Le città sono sempre più rumorose, e la risposta di milioni di persone è stata semplice: infilare un paio di cuffie e isolarsi dal caos. Il problema è che questa scelta, comprensibilissima, ha un costo in termini di sicurezza stradale. Ed è esattamente qui che si inserisce Skoda DuoBell, un campanello da bicicletta interamente meccanico, senza alcun componente elettronico, progettato per farsi sentire anche attraverso le cuffie con cancellazione del rumore più avanzate sul mercato.
Il contesto è tutt’altro che banale. A Londra, dove si stima che il 54% dei modelli di cuffia in commercio integri la tecnologia ANC, gli incidenti tra pedoni e ciclisti sono cresciuti del 24% nel 2024. Le auto elettriche sono sempre più silenziose, chi cammina o pedala sempre più isolato acusticamente. Una combinazione pericolosa. Ed è proprio dalla capitale britannica che arriva la risposta di Skoda, marchio che vanta tra l’altro una lunga tradizione anche nel mondo delle biciclette. Il responsabile del design Oliver Stefani ha definito DuoBell una soluzione “Simply Clever”: analogica nel funzionamento, pensata per risolvere un problema nato dall’era digitale.
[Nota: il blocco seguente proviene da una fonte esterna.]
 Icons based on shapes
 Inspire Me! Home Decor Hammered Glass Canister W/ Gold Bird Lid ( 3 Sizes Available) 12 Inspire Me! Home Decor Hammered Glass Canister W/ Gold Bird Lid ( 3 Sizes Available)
Come funziona Skoda DuoBell e perché riesce a superare la cancellazione del rumore
La cancellazione attiva del rumore non è ugualmente efficace su tutte le frequenze. Funziona benissimo con i suoni gravi e costanti, come il rombo di un motore o il rumore di fondo di un treno, ma fatica parecchio con suoni rapidi, irregolari e posizionati in una fascia di frequenza media. Skoda, in collaborazione con i ricercatori dell’Università di Salford nel Regno Unito, ha individuato una finestra specifica tra 750 e 780 Hz in cui gli algoritmi ANC delle cuffie più diffuse (compresi modelli Bose, Sony e Apple, tutti testati in laboratorio) non riescono a generare l’onda sonora necessaria per sopprimere il suono. Questa fascia è stata chiamata “safety gap”, e Skoda DuoBell è stato costruito proprio per suonare al suo interno.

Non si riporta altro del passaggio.